Home | Previous Page | Next Page   SQL Features > Handling Character Data >

Collating Character Data

Collation is the process of sorting data values in columns that have character data types. For an explanation of collation order and a discussion of the two methods of sorting character data (code-set order and localized order), see Character Classes of the Code Set.

By default, the database server sorts strings according to the collation that the DB_LOCALE setting implies, and client applications sort according to the CLIENT_LOCALE setting, if this is different from the DB_LOCALE setting.

Dynamic Server

The SET COLLATION statement of Dynamic Server can specify a localized collation different from the DB_LOCALE setting for the current session.
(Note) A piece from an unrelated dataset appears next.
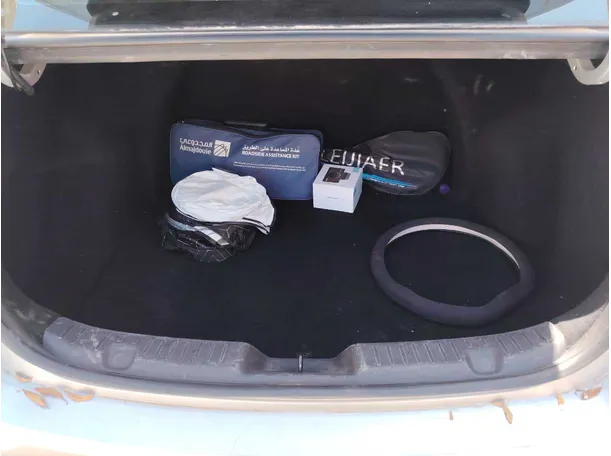Car image 25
See the IBM Informix: Guide to SQL Syntax for the syntax of this statement. Database objects that sort strings, such as indexes or triggers, use the collation that was in effect at the time of their creation when they sort NCHAR or NVARCHAR values, if this is different from the DB_LOCALE setting.

End of Dynamic Server

The collation order of the database server affects SQL statement that perform sorting operations, including CREATE INDEX and SELECT statements.

Collation Order in CREATE INDEX

The CREATE INDEX statement creates an index on one or more columns of a table. The ASC and DESC keywords in the CREATE INDEX statement control whether the index keys are stored in ascending or descending order.

When you use a nondefault locale, the following locale-specific considerations apply to the CREATE INDEX statement:

Dynamic Server

If the SET COLLATION statement specifies a database locale with localized collation that is different from the DB_LOCALE setting, any indexes (and any check constraints) that you subsequently create in the same session always use that localized collation for sorting NCHAR or NVARCHAR strings.

End of Dynamic Server

If you use the default locale (U.S. English), the index keys are stored in the code-set order (in ascending or descending order) of the default code set regardless of the data type of the character column. Because the default locale does not define a localized order, the database server that uses this locale (or any other locale that does not define a localized collating order) sorts strings from columns of the following data types in code-set order:

Collation Order in SELECT Statements

The SELECT statement performs a queries. Collation order affects the following parts of the SELECT statement:

The ORDER BY Clause

The ORDER BY clause sorts retrieved rows by the values that are contained in a column or set of columns. When this clause sorts character columns, the results of the sort depend on the data type of the column, as follows:

Assume that you use a nondefault locale for the client and database locale, and you make a query against the table called abonnés. This SELECT statement specifies three columns of CHAR data type in the select list: numéro (employee number), nom (last name), and prénom (first name).

SELECT numéro,nom,prénom 
   FROM abonnés
   ORDER BY nom;

The statement sorts the query results by the values that are contained in the nom column. Because the nom column that is specified in the ORDER BY clause is a CHAR column, the database server sorts the query results in the code-set order.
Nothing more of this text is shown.